How do I identify and remove users who have long-running transactions from my OpenEdge database? (Linux and Windows)
CAVEAT: This is paliative care! With this approach we are simply protecting the database, technically the BI file, from misuse, or rather from not being re-used as intended. The root cause for this sort of intervention is bad code. Such logic must be identified and refactored to prevent old transactions from wreaking havoc in your system in the first place.
Use ProTop Real-Time (RT) to help identify the procedure name and line number implicated in your long running transaction(s), and pass that information along to your development team for analysis and correction. See Finding Code: Old Transactions for more detail.
In the meantime...
ProTop includes a feature, referred to as "trxmon", which can monitor and remove Progress client sessions that hold transactions open longer than is healthy for your environment.

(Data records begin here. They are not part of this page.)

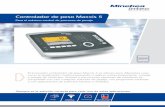 Controlador de peso Maxxis 5 - minebea-intec.com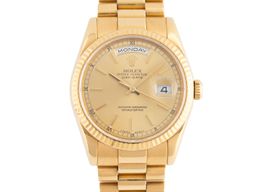 Rolex Day-Date 36 118238 -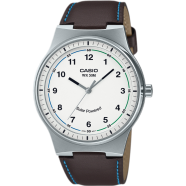 Casio Solar Powered Analog Men's Watch image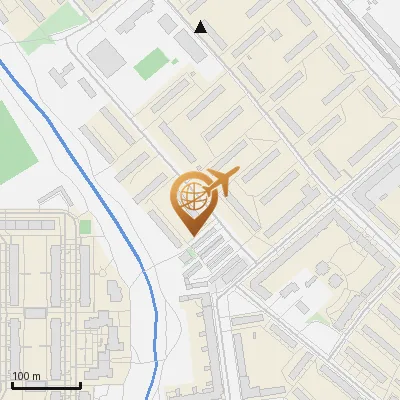 Foto zu Heidekampweg 63, 12437 Berlin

NOTE: A transaction that qualifies for disconnect by trxmon will be:
- ACTIVE (Stat = ACTV in the ProTop RT "x" panel)
- Have a duration greater than trxThreshold (see below)

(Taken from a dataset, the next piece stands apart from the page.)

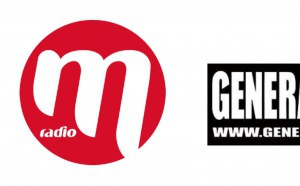 Générations et M Radio en progression à Paris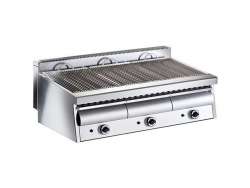 ΣΧΑΡΙΕΡΑ ΓΚΡΙΛ ΑΕΡΙΟΥ ΜΕ ΣΥΡΤΑΡΙ ΝΕΡΟΥ ARTEMIS 3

- And be idle for more than trxZapAfter (see below)
AND: The ProTop agent (pt3agent) needs to be running with elevated privileges (root/administrator) to allow it to disconnect users or run proGetStack against sessions.
The components of this feature exist in subdirectories in your PROTOP installation:
- etc/trxmon.friendlyName.cfg - set the parameters that control trxmon's behavior; see Setup below
- bin/trxmon.sh[.bat] - this is "trxmon", schedule this to run in etc/schedule.*.cfg
- util/trxmon.p - called by trxmon.sh[.bat]
- bin/disconnect[.bat] - default disconnect script called by trxmon.p
- bin/disconn.local - called by bin/disconnect, if it exists (allows you to add custom functionality)
- bin/zapconnect[.bat] - called by trxmon if the session becomes stuck; bin/disconnect sent the disconnect message and the disconnect message was received by the session, but the session is not disconnecting; it will let you know if manual intervention is required
- bin/disconnx.local - called by bin/disconnectx, if it exists (allows you to add custom functionality)
- bin/killprosession.sh - not recommended for automation, but it can be run from bin/disconnx.local when you want to be more aggressive about removing the session; it uses progressively more aggressive attempts to kill the offending process; can also be run manually; read the script for more details and cautions
Setup
-
Copy etc/trxmon.cfg to etc/trxmon.friendlyName.cfg
-
Edit etc/trxmon.friendlyName.cfg and update the variables to your liking:
-
monInt 60 - how often do we check for old, idle transactions?
-
trxZapAfter 600 - minimum "db idle" while also in a transaction before being disconnected
-
-
Then, uncomment the correct set of disconnect script variables for your OS (this is for *nix):
# unix:4. Now add trxmon.sh[.bat] to your schedule.*.cfg, for example, for Unix, to run trxmon against the resource "friendlyName", every 15 minutes, add this line:
#
disconScript bin/disconnect # simple disconnect
killScript bin/zapconnect # take stern measures
# windows:
#
# disconScript bin\disconnect # simple disconnect
# killScript bin\zapconnect # take stern measures
for unix:
0,15,30,45 * * * * trxmon.sh friendlyName > ${PTTMP}/trxmon.err 2>&1
or for Windows
0,15,30,45 * * * * cnd /c trxmon.bat friendlyName > %PTTMP%\trxmon.err 2>&1
The trxmon loops internally every monInt seconds until it is asked to stop. When the above line attempts to start trxmon and finds it is already running, the attempt will exit. Adding [NOALERT] at the end of the line suppresses the alert normally sent to the portal when a job is run.
Shut Down
To stop the current run of the transaction monitor, remove tmp/trxmon.friendlyName.flg. The scheduler will restart it according to the configuration you provided, at the next quarter-hour in the example above.
To permanently disable trxmon, comment it out or remove it from your etc/schedule.*.cfg file.